Robert Redford, the charming film star who became an Oscar winner as a director, and who off screen promoted environmental awareness and nurtured the independent film movement centered around the Sundance Festival, died early Tuesday morning at his home in Utah. He was 89.
His death, in the mountains above Provo, was announced in a statement by Cindi Berger, chief executive of the public relations firm Rogers & Cowan PMK. She said he died in his sleep but did not specify a cause.
With disdain for the Hollywood approach to filmmaking that he considered “simplified,” Robert Redford typically demanded that his films carry cultural weight, in many cases making serious subjects such as grief and political corruption resonate with audiences, largely thanks to his enormous power as a Hollywood star.
As an actor, among his most notable roles were Butch Cassidy and the Sundance Kid (1969) and All the President’s Men (1976), about the journalistic pursuit of President Richard M. Nixon during the Watergate era.

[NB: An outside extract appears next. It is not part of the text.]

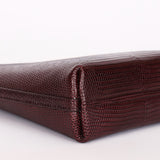 Saint Laurent Mini Rendez-Vous Bag Bordeaux Lizard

In Three Days of the Condor (1975), he played an introverted CIA codebreaker caught in a deadly cat-and-mouse game.
The Sting (1973), about Depression-era con men, earned him his first and only Academy Award nomination as an actor.
Redford was one of Hollywood’s most beloved actors for decades, whether in comedies, dramas, or thrillers; studios often marketed him as a sex symbol.
His career as a romantic lead owed much to the prominent actresses who starred alongside him – Jane Fonda in Barefoot in the Park (1967), Barbra Streisand in The Way We Were (1973), and Meryl Streep in Out of Africa (1985).
He ventured into directing in his 40s, and with his very first film, Ordinary People (1980), won an Academy Award. The film won three more Oscars, including Best Picture.
His next film as a director, The Milagro Beanfield War (1988), a comic drama about a New Mexico farmer whose right to water was denied by indifferent developers, was a failure. But Redford stubbornly refused to turn to less esoteric subjects.
Instead, he directed and produced A River Runs Through It (1992), a drama about Montana fly-fishermen contemplating existential questions, and Quiz Show (1994), about the notorious television scandal of the 1950s. Quiz Show was nominated for four Academy Awards, including Best Picture and Best Director.